伊佐:西田天香は近江商人の一系譜と位置付けてよろしいのでしょうか。

角谷:純粋な系譜としては違うでしょう。よく言われるのは「(近江商人は)合理的な商人だ」ということですが、特に明治期以降は少し異なってきています。西田は真宗の檀家の家に生まれ、その真宗の影響が非常に強い長浜市で、75%位が真宗のお寺というような特異のエリアがあります。風土としては近江商人の気質にあっているというか、近江商人などにも非常に近いと思いますが、風土としては近江商人の気質に合っており、近江商人の発祥の地と言われる湖東にも非常に近かったと言えます。よって学術的に言うと系譜とは違いますが、系譜と言ってもおかしくないのではないか、この辺りをどのように判別するかは、学術的にもはっきり言えるのかと思うわけです。

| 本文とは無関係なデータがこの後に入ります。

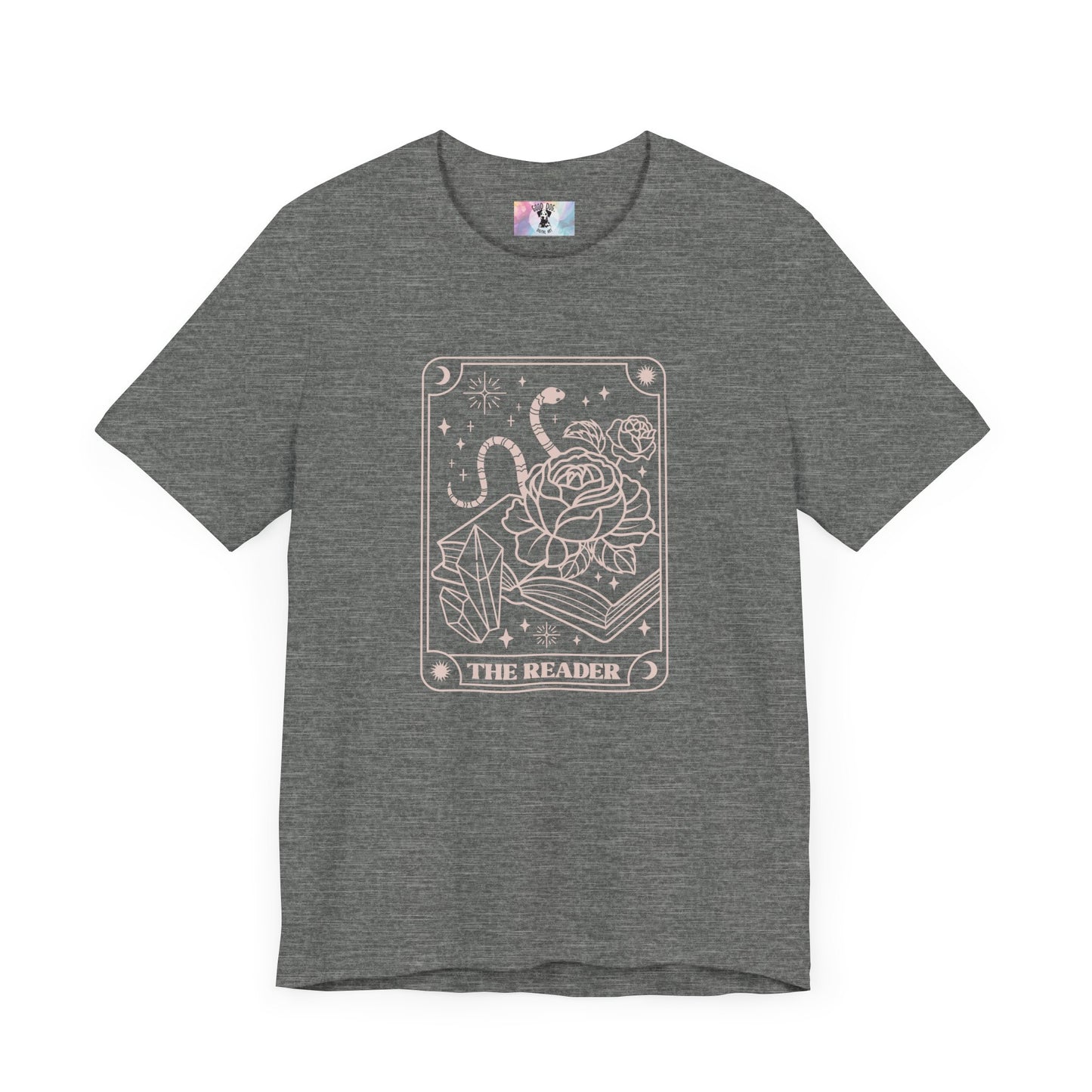 Mystical Reader Tee - Unisex Short Sleeve Shirt for Book Lovers, Perfect Gift for Readers, Literary T-Shirt, Reading Vibes, Cozy Outfit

伊佐:奈良町でも現地の商人の方から宗教的、思想的な生き方を感じることはありますか。

上田:特には感じませんが、奈良町の場合は平城京の時にできてそこから商工業の都市として発展をしました。まちの自治に非常に強い力があったことは言われています。その後商工業が衰退し、観光都市として発展していくわけですが、ただ人と人とのつながりは今も小さな町内会がたくさんあり、町会によってはまだ「庚申講」が残っています。だんだん無くなりつつあるようですが。

伊佐:興味深いですね。「庚」とはみんなでお金を出し合う共済の原型のようなもので、今でも沖縄には「舫(もやい、もあい)」という形で残っていますね。今でも若い人たちが利用しています。私も大学進学時に祖母から舫からお金を借りてきたなどと言っていました。大変お世話になったという時期があります。
 最近は「新しい公共」という言葉が聞かれ、行政も企業もNPOもみんなが関わって作っていくものだと言われております。言い換えると、新しいまちの自治というのが期待されるのではないかと思うのです。しかし「新しい」と言いつつも、かつて忘れ去られてきた「商人道」というものをもう一度引き継いでいかなければならないとの議論が出てきているのです。つまり新しい再発見のような気がするのです。
 ここで突然で申し訳ありませんが、柏木先生にも少しお話しいただければと思います。柏木先生は二十数年アメリカに住んでいらして、アメリカ社会を見て、そして現地でNPOを立ち上げられました。日米両方の感覚を持っていて、市民自治的なことを肌で感じてある方だと思って、お顔を拝見したときにぜひ意見をお聞きしたいと思い、お話を振らせて頂きました。今までの議論を聞かれて何か感じられたことなど日米両方の視点からお話頂ければと思います。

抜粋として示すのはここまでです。